India May Ban Extravagant, Wasteful Weddings

In response to soaring food prices that are hurting the poor in India, Food and Consumer Affairs Minister KV Thomas has proposed curbing lavish weddings to reduce food wastage. According to Reuters, Thomas wants to introduce a bill limiting the amount of food served to guests, because he claims 15% of India's food grains are wasted at such events. "We believe we can preserve food grains for the poor and needy of this country by restricting its use at such extravagant and luxurious social functions," said Thomas.

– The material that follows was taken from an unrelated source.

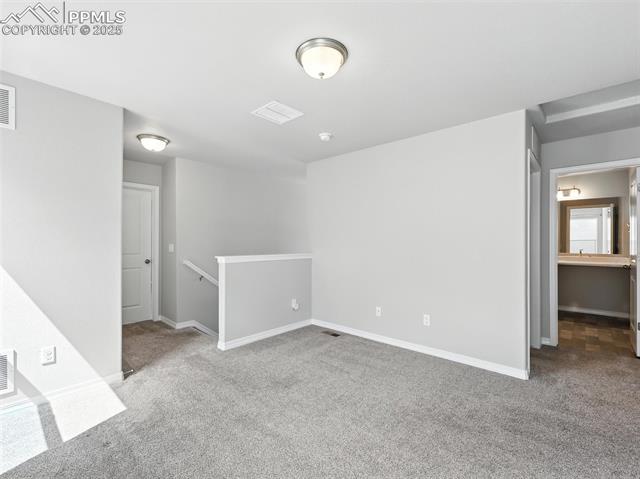 6222 Barr Point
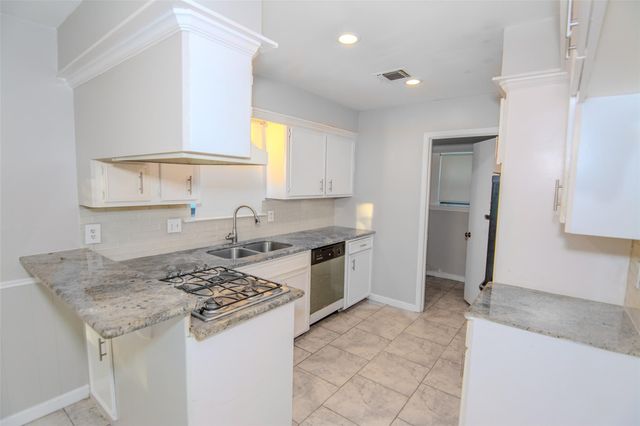 116 White Cedar Street, Houston, TX 77015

Despite what our cable programming may lead you to believe, Americans don't have the market cornered on absurdly expensive weddings. The Guardian reports that in recent years, ceremonies have been becoming bigger, as the rich want to show off their wealth and others follow suit. According to the paper:

India's booming upper middle classes have been inspired to create their own displays. No wedding is now complete without at least three different cuisines offered to guests: north or south Indian, "continental" or European and a third, selected from Mexican, Japanese and Chinese, or chinjabi, as the local version of the latter is known.

Another new trend that hopefully won't catch on here involves using helicopters to transport the bride and groom rather than horses or decorated coaches.

Critics of Thomas' plan say a bigger issue is that there's too much corruption and wastage in India's subsidized food distribution system. However, attacking gaudy weddings is certainly easier and more fun than tackling those problems.

India Looks To Ban Lavish Weddings To Feed The Poor [Reuters]
Indian Weddings Too Big, Says Government [The Guardian]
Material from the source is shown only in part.